Data:
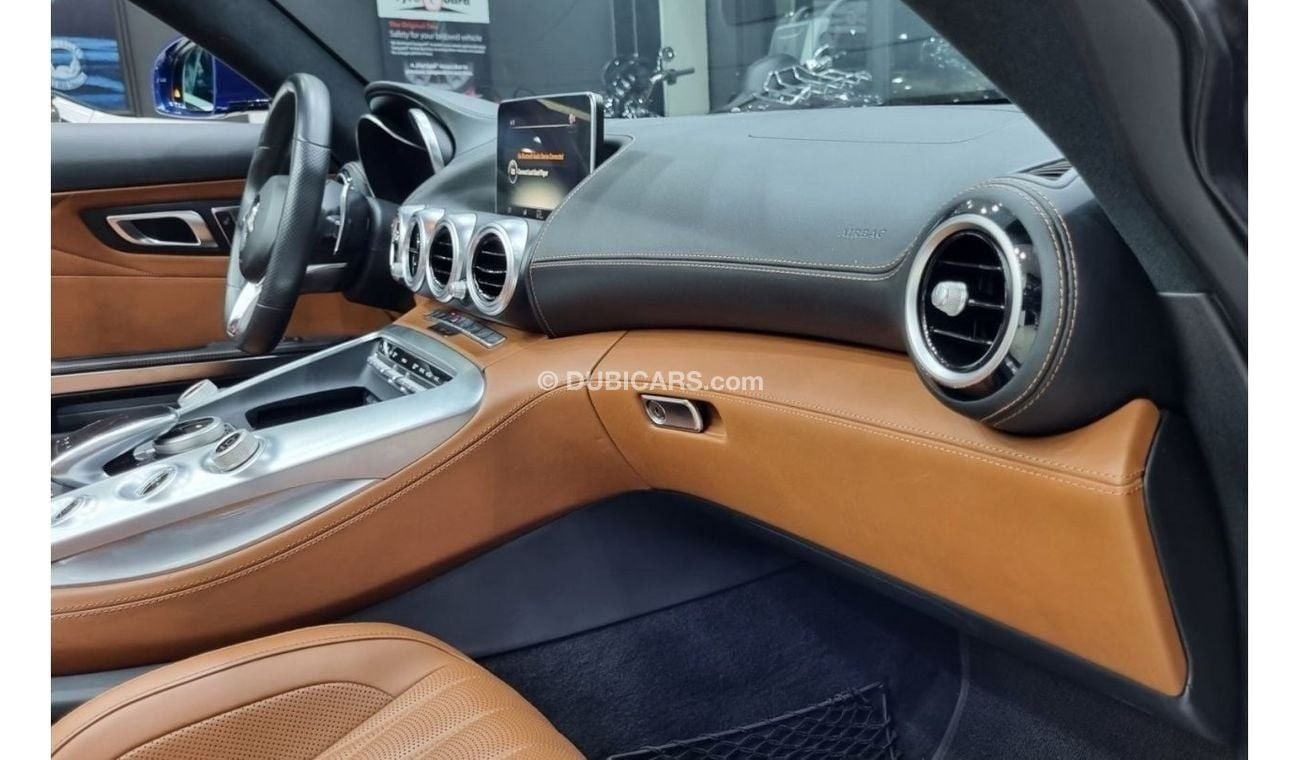 مرسيدس بنز AMG GT C SPECIAL OFFER MERCEDES AMG GTC 2019 IN PERFECT CONDITION WITH ONLY 33K KM FOR 335K AED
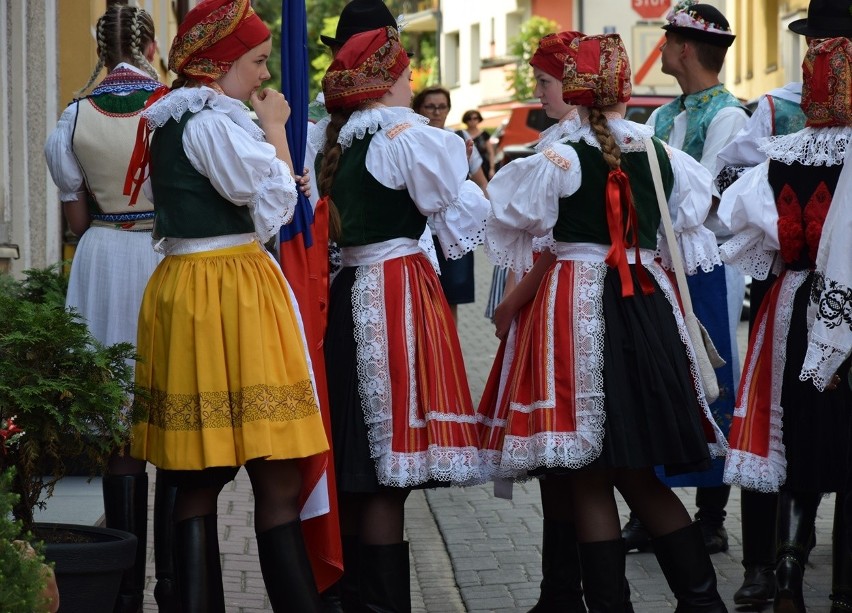 Gorlice. Festiwal Świat pod Kyczerą. Przez miejski deptak przeszedł barwny korowód artystów z różnych stron świata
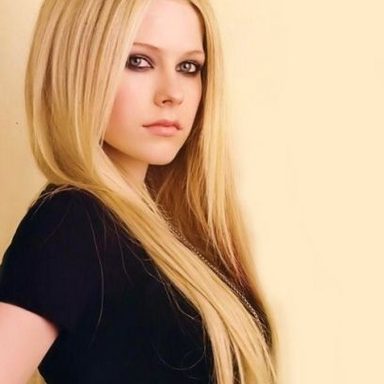 Avril Lavigne photo 344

What you are asked to do: When copying, output the data exactly and leave out the pictures.

Answer to this exercise:
 مرسيدس بنز AMG GT C SPECIAL OFFER MERCEDES AMG GTC 2019 IN PERFECT CONDITION WITH ONLY 33K KM FOR 335K AED
 Gorlice. Festiwal Świat pod Kyczerą. Przez miejski deptak przeszedł barwny korowód artystów z różnych stron świata
 Avril Lavigne photo 344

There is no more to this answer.